Corsair Hydro H100i GTX Extreme

High Performance 240mm Closed Loop CPU Liquid Cooling Solution

Corsair Hydro H100i GTX Extreme Liquid CPU Cooler
Corsair

The Bottom Line

Jan 22 2016 - Corsair's Hydro H100i GTX Extreme may be a large all-in-one liquid cooling system but it offers great performance for those looking to push their desktop computer processor to its limits or want a system with very low noise. The system is easy to install and manage as long as your case has sufficient space. Performance is great and noise levels for the most part is quite good.

Just be warned that the performance does carry a price tag compared to other cooling solutions.

Pros

  • Excellent Cooling Performance
  • Very Low Noise Operation Under Standard Conditions
  • Large Size May Prevent it from Being Used in Smaller Cases

Cons

  • Expensive Compared To High End Air Coolers
  • Can Get Noisy At Times
  • Large Size Restricts Use in Smaller Desktops

Description

  • Closed Loop Liquid Cooler with 240mm Radiator
  • Compatible with LGA 1150/1155/1156/1366/2011/2011-3 and AMD FM1/FM2/AM2/AM3 Socket Processors
  • Includes Two Corsair SP120L 120mm PWM Cooling Fans
  • Integrated Cooling Plate and Pump With Adjustable LED Lighting
  • Thermal Compound Pre-Applied
  • Corsair Link and USB Header For Adjusting Performance
  • 37.7 dBA Fan Noise Levels
  • 276mm x 125mm x 30mm/55mm Dimensions (Without/With Fans)
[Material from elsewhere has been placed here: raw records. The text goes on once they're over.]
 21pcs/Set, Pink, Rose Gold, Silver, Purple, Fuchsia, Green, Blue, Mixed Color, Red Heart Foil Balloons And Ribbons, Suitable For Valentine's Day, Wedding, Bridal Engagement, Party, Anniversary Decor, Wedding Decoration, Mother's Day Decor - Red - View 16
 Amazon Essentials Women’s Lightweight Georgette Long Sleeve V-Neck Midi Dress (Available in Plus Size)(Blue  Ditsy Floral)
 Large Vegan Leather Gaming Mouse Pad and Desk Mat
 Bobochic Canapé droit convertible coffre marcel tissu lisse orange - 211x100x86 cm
Review - Corsair Hydro H100i GTX Extreme Liquid CPU Cooler

Liquid Cooling for desktop processors has come a long way since the early days of having to install all the piping and components yourself.

Closed loop liquid coolers are an all-in-one solution that allow consumers to simply drop it into their PC without having to worry about the tubing or filling of the system. Corsair's Hydro series has been a popular solution and their latest Hydro H100i GTX Extreme offers high performance for those looking at either overclocking or trying to build a near silent computer system.
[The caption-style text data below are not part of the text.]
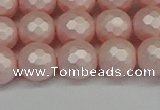 CSB1833 15.5 inches 10mm faceetd round matte shell pearl beads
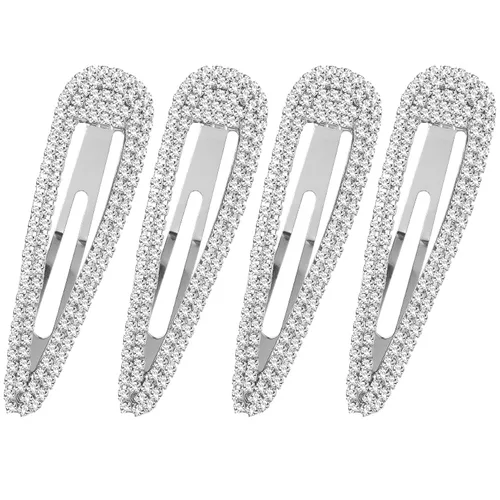 Vista 8 de HINZIC 4 pinzas para el cabello con diamantes de imitación de 3 pulgadas, antideslizantes, pasadores dorados, de metal, para boda, graduación, San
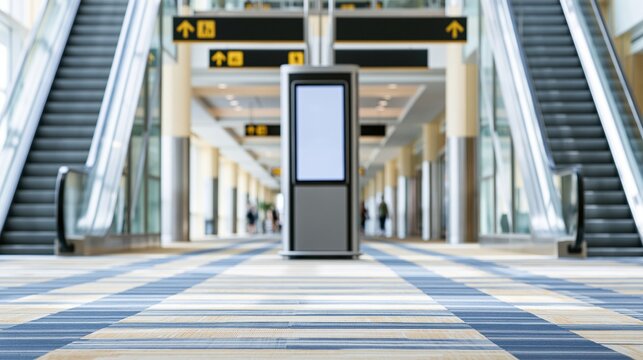 Empty airport corridor with escalators and blank digital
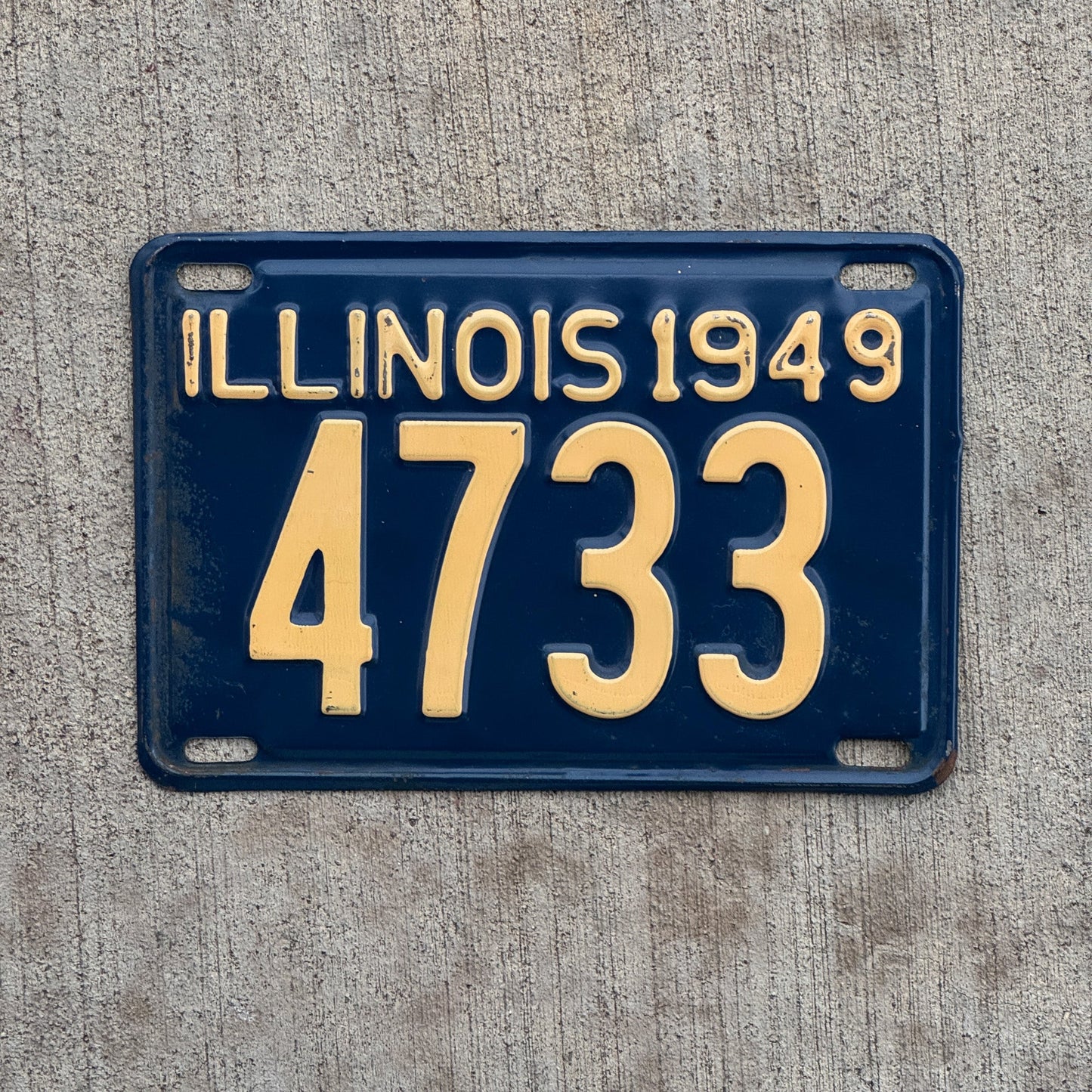 Photo of a 1949 Illinois License Plate Auto Tag Garage Decor Vintage Low Number Four Digit 4733 with original patina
The system consists of an integrated cooling plate and pump attached to a large 240mm radiator. While the radiator is quite large and will have issues fitting in smaller cases that do not have a dual 120mm case face setup, it offers a greater surface area for improved cooling of the system by more efficiently moving the heat away from the processor. The tubing between the radiator and the pump is sleeved making it quite sturdy but it can be stiff making it hard to route the cables in some cases. For instance, the radiator barely fit into the Corsair Obsidian 250D case I used for testing.
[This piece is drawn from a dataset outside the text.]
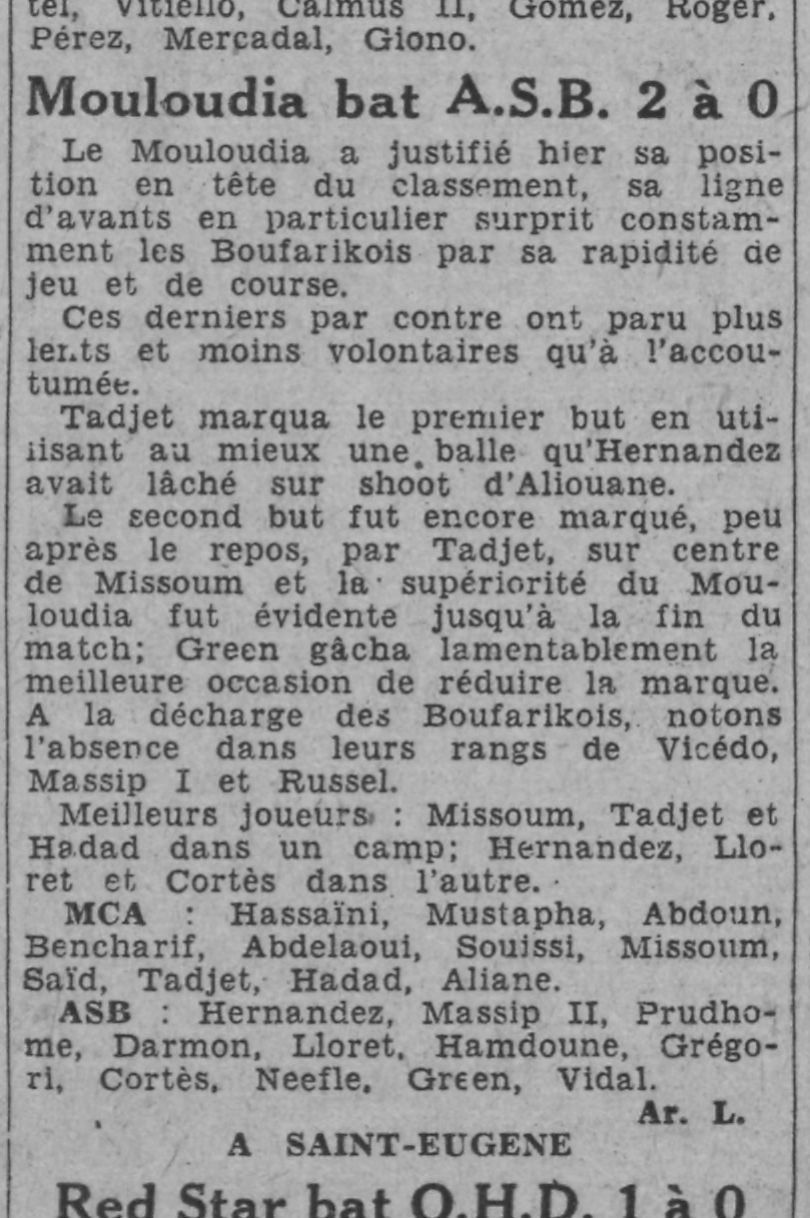 Dim 16.1.1944 au Municipal MCA-ASB 2-0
For testing of the Hydro H100i GTX, I used an Intel Core i5-6500K processor at standard clock speeds in the previously mentioned Obsidian 250D case. The Corsair Link software was set for a balanced profile which is the default and one that most people will use. This will try to limit the fan speeds and noise but also try to keep the processor temperatures at lower levels. The processor was then run in a full stability test for one hour using the AIDA 64 Extreme software while recording the temperatures. Processor temperatures started at 26 degrees Celsius and stabilized at roughly 43 degrees under the load.

Fan speeds ran at 700rpms initially and maxed out at just under 1200rpm which is have their maximum speed. Overall, performance was great and noise levels were very reasonable with GPU fan noise being louder than the radiator fans.

Outside of the testing, I did notice one major annoyance with the Hydro H100i GTX system. When the system went into sleep mode for extended periods, when the system was woken up, the pump would tend to make excessive noise while it spun up and started the circulation of the fluid again. This tended to last for a minute or two and then it returned to its near silent operation.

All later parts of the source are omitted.